_What to work on:_ A word-for-word restatement of every entry is what is needed here.

- - -

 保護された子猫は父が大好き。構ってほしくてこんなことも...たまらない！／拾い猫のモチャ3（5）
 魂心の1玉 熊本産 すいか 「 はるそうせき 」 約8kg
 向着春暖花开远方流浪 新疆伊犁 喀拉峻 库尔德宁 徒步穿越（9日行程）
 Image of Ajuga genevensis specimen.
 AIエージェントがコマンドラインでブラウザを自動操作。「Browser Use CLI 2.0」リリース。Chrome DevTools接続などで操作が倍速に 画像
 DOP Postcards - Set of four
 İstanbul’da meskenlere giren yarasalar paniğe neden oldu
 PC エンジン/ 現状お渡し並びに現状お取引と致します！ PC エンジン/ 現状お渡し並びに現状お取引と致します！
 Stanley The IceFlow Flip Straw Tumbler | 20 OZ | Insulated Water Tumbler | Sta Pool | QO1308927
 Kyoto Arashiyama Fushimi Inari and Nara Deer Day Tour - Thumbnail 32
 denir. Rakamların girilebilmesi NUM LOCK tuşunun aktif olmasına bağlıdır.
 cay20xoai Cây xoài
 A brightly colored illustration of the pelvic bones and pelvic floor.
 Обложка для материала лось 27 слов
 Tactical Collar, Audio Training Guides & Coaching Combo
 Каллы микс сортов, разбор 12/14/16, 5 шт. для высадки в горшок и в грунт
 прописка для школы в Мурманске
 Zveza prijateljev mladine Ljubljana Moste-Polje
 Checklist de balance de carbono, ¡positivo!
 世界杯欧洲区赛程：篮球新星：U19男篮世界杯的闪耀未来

- - -

_Response for this exercise:_
 保護された子猫は父が大好き。構ってほしくてこんなことも...たまらない！／拾い猫のモチャ3（5）
 魂心の1玉 熊本産 すいか 「 はるそうせき 」 約8kg
 向着春暖花开远方流浪 新疆伊犁 喀拉峻 库尔德宁 徒步穿越（9日行程）
 Image of Ajuga genevensis specimen.
 AIエージェントがコマンドラインでブラウザを自動操作。「Browser Use CLI 2.0」リリース。Chrome DevTools接続などで操作が倍速に 画像
 DOP Postcards - Set of four
 İstanbul’da meskenlere giren yarasalar paniğe neden oldu
 PC エンジン/ 現状お渡し並びに現状お取引と致します！ PC エンジン/ 現状お渡し並びに現状お取引と致します！
 Stanley The IceFlow Flip Straw Tumbler | 20 OZ | Insulated Water Tumbler | Sta Pool | QO1308927
 Kyoto Arashiyama Fushimi Inari and Nara Deer Day Tour - Thumbnail 32
 denir. Rakamların girilebilmesi NUM LOCK tuşunun aktif olmasına bağlıdır.
 cay20xoai Cây xoài
 A brightly colored illustration of the pelvic bones and pelvic floor.
 Обложка для материала лось 27 слов
 Tactical Collar, Audio Training Guides & Coaching Combo
 Каллы микс сортов, разбор 12/14/16, 5 шт. для высадки в горшок и в грунт
 прописка для школы в Мурманске
 Zveza prijateljev mladine Ljubljana Moste-Polje
 Checklist de balance de carbono, ¡positivo!
 世界杯欧洲区赛程：篮球新星：U19男篮世界杯的闪耀未来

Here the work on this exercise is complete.